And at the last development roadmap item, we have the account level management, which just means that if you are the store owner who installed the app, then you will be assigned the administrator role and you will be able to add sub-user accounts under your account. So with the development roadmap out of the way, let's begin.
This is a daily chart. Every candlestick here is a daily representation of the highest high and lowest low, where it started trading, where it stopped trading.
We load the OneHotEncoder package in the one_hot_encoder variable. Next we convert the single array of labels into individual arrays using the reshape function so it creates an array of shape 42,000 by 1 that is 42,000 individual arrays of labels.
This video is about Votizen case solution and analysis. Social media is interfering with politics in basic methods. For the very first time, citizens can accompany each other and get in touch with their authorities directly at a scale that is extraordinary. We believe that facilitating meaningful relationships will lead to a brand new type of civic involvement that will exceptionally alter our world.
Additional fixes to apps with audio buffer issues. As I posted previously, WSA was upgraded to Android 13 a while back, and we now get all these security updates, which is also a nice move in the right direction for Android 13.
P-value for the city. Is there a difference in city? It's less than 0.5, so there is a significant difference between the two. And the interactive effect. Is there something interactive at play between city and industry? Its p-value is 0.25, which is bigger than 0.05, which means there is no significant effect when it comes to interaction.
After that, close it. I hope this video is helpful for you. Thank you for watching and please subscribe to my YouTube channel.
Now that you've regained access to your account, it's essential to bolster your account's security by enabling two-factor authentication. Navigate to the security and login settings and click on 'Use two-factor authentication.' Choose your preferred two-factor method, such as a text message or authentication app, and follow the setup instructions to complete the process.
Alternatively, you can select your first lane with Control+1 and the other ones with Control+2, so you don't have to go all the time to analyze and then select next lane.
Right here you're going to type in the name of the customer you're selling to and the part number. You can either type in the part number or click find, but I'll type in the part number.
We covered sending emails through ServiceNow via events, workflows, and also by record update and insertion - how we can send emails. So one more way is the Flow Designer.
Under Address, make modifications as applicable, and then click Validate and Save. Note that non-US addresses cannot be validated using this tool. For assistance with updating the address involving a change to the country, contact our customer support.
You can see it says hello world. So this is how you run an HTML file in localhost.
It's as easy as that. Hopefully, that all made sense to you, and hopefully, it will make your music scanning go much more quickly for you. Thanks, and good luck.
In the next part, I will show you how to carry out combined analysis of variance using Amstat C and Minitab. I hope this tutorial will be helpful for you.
^^^^^^^^^^^^^^^^
Problem statement
After the last line, print all the entries once again, unchanged.

Written solution
And at the last development roadmap item, we have the account level management, which just means that if you are the store owner who installed the app, then you will be assigned the administrator role and you will be able to add sub-user accounts under your account. So with the development roadmap out of the way, let's begin.
This is a daily chart. Every candlestick here is a daily representation of the highest high and lowest low, where it started trading, where it stopped trading.
We load the OneHotEncoder package in the one_hot_encoder variable. Next we convert the single array of labels into individual arrays using the reshape function so it creates an array of shape 42,000 by 1 that is 42,000 individual arrays of labels.
This video is about Votizen case solution and analysis. Social media is interfering with politics in basic methods. For the very first time, citizens can accompany each other and get in touch with their authorities directly at a scale that is extraordinary. We believe that facilitating meaningful relationships will lead to a brand new type of civic involvement that will exceptionally alter our world.
Additional fixes to apps with audio buffer issues. As I posted previously, WSA was upgraded to Android 13 a while back, and we now get all these security updates, which is also a nice move in the right direction for Android 13.
P-value for the city. Is there a difference in city? It's less than 0.5, so there is a significant difference between the two. And the interactive effect. Is there something interactive at play between city and industry? Its p-value is 0.25, which is bigger than 0.05, which means there is no significant effect when it comes to interaction.
After that, close it. I hope this video is helpful for you. Thank you for watching and please subscribe to my YouTube channel.
Now that you've regained access to your account, it's essential to bolster your account's security by enabling two-factor authentication. Navigate to the security and login settings and click on 'Use two-factor authentication.' Choose your preferred two-factor method, such as a text message or authentication app, and follow the setup instructions to complete the process.
Alternatively, you can select your first lane with Control+1 and the other ones with Control+2, so you don't have to go all the time to analyze and then select next lane.
Right here you're going to type in the name of the customer you're selling to and the part number. You can either type in the part number or click find, but I'll type in the part number.
We covered sending emails through ServiceNow via events, workflows, and also by record update and insertion - how we can send emails. So one more way is the Flow Designer.
Under Address, make modifications as applicable, and then click Validate and Save. Note that non-US addresses cannot be validated using this tool. For assistance with updating the address involving a change to the country, contact our customer support.
You can see it says hello world. So this is how you run an HTML file in localhost.
It's as easy as that. Hopefully, that all made sense to you, and hopefully, it will make your music scanning go much more quickly for you. Thanks, and good luck.
In the next part, I will show you how to carry out combined analysis of variance using Amstat C and Minitab. I hope this tutorial will be helpful for you.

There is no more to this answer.